Date: 29 Jan 2013 12:23 am (UTC)
megpie71: 9th Doctor resting head against TARDIS with repeated *thunk* text (Head!Tardis)
From: [personal profile] megpie71
My answers to Mr Callahan's questions:

- I'm neither pleased nor displeased with the way I look. I don't care about it. I have clothes which fit, shoes which fit, and about the only complaint I'd make is it's harder to source either of these than it absolutely has to be. This has more to do with store stocking decisions than it does with my physicality. (But then, Australian stores have been reducing their variety of products across all ranges, not just clothing and shoes).

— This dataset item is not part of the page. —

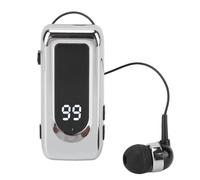 ASHATA Chef de Cas sans Fil Rétractable, BT5.4 Type de Clip de Col de Casque de Casque Stéréo Détachable, avec Affichage de la Batterie LED, Micro à Annulation du Bruit, pour Les (Silver)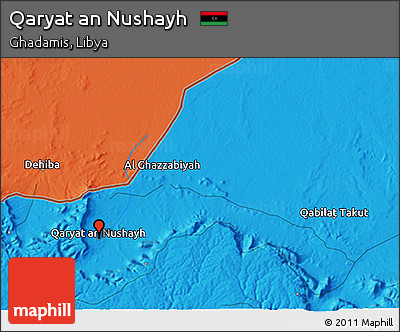 Political 3D Map of Qaryat An Nushayh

- I'm not overwhelmingly happy about my knees aching when I walk up (or down) long flights of stairs, no. I'm not overwhelmingly cheerful about being exhausted and puffing when I have to run for the bus either. However, I generally deal with these sorts of things by taking them slowly and shifting my weight to avoid strain, planning my day so I don't have to run for buses, and by seeking out alternative routes (ramps rather than stairs, for example, at the university where I run across most of these).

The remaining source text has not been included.